Big Bear Bald Eagles father, Shadow, (with a few black head feathers) arrives with a fish.  Seven minutes into the video Simba finally flies in from lower branches on the nest tree where he has been perched overnight to be able to claim his share.  

Mother, Jackie, (with all white head feathers) with son Simba sharing special moments as night descends.

Today I observed Shadow bringing a fish to the nest, but before Simba returned, to disappointingly find the meal has been eaten.  Simba spend the rest of the afternoon alone.  Just as dusk was arriving, he began to engage in chirping communication with Jackie as she finally flew in but brought no fish.  Simba exhibited subjective cloying behavior with touching exchanges between him and his mother but there was no food. 

Withholding food seemed to stimulate him to finally fly this past week.  I wonder if Simba's parents message to him now is to begin obtaining his own food, possibly bringing a fish or whatever else he might catch back to their nest for sharing?

These eagle parents appear to use a positive reinforcement system using food as a reward when he acts as they desire, such as making his first flight.  Even using tough love seemed to come into play when food was withheld until Simba made that first flight.

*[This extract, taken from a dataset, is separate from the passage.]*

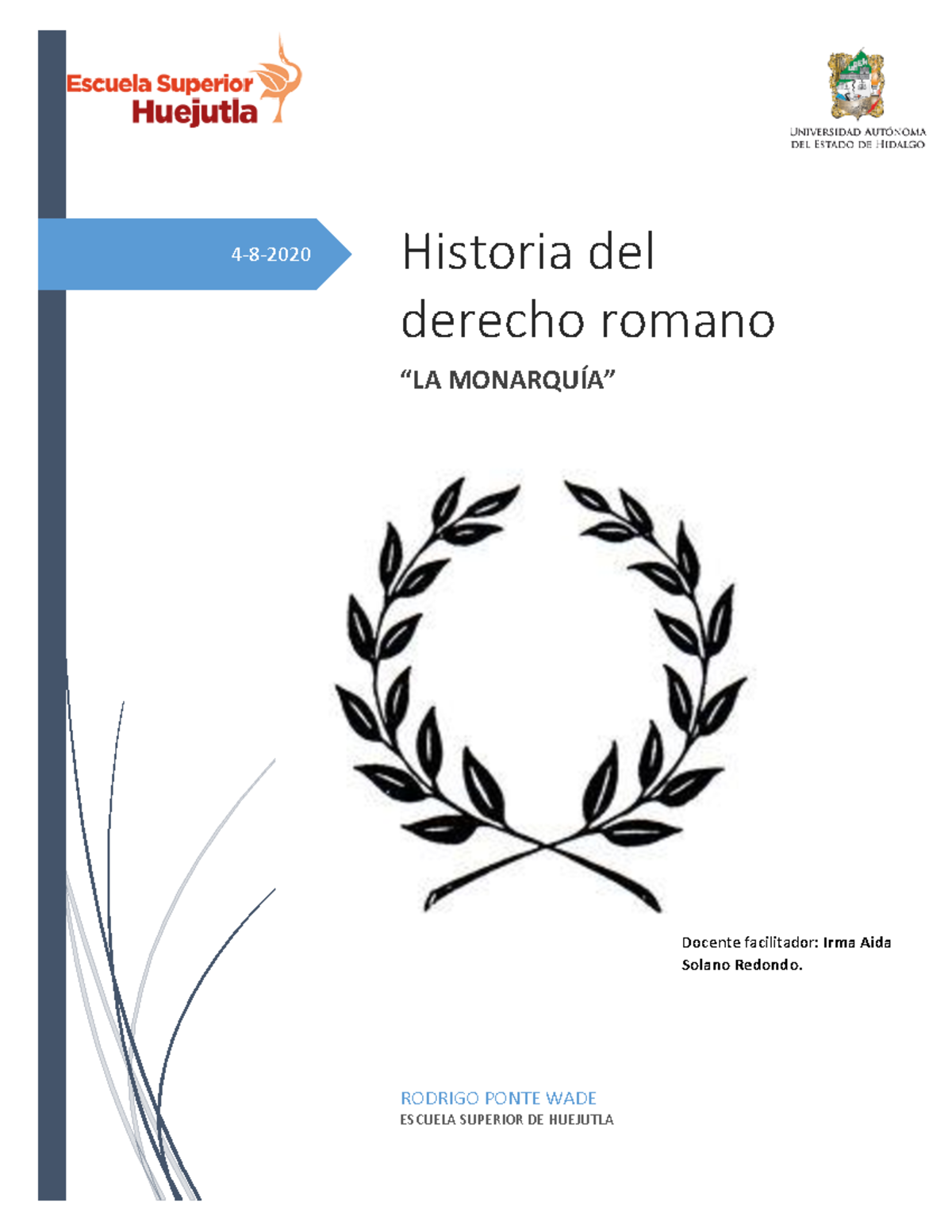 Resumen de la Monarquía en el Derecho Romano - Tema 1 (Derecho Romano) -  Studocu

Teaching basic survival skills are shared by parental creatures of all types.   Perhaps there's much some humans might learn from the birds.

When I've viewed some of the interactions between Simba and both parents, but especially his mother, I have wondered if there are more emotional connections, feelings,  than what we may think.  Scientists have learned this is true in some other creatures, so why not birds?  What do you think?

This Audubon article reveals some interesting observations about the question of whether or not birds grieve.

Live Feed 24/7 Video Cam:

Shirley Bassey -- a uniquely talented world famous Welsh vocalist sings "Feelings" recorded in 1976. Dame Shirley who also sang in three James Bond movies is in her eighth decade now.


I may take a break from blogging here for the coming weeks.  I’ll probably return after the end of summer.    Everyone have a wonderful rest of the summer.   


  1. I don't know about birds sharing emotions, but I'm sure they have very sophisticated communications that would amaze us. What seem to us like meaningless chirpings and cheepings are probably swopping all sorts of important information like where to find food and water, which places are dangerous and to be avoided etc. etc. If we could only tune in!

  2. Nature cameras are so educational. I've enjoyed your eagle series.

  3. I personally Believe that all Living Creatures have complex Emotions beyond our limited understanding. We tend to relate everything in Human Species terms since that is all we really 'feel' ourselves from an Emotional Connection with one another and perhaps somewhat with our more domesticated Non-Humans we live intimately with as Pets. Have a nice Summer respite from the Land of Blog.

  4. I didn't know that about how birds wean their offspring from dependency. A lot of modern parents could learn from that!

    Have a great rest of the summer.

  5. Love how you have been able to watch all the lessons. Hope he finally catches his own food soon. Thanks for turning us on to the drama.
    Enjoy your partial summer off. We will be here when you get back.

  6. Enjoy August, Joared!
    Cop Car

  7. If you spend enough time around bird families, I think it's very clear they share emotions. It's a rare gift to get to do that as often we see them in flight or on a branch but not interacting.

  8. Enjoy your break from Blogging … but please come back. Just wanted to thank you for your kind words about my book … it was very cathartic for me to write that. Hugs.

  9. Enjoy your Summer Break. And thanks again for introducing me and my mother to the Eagle Cam. She especially has truly enjoyed it. As someone with Alzheimer's, she consistently remembers to look in on it and talks about to me.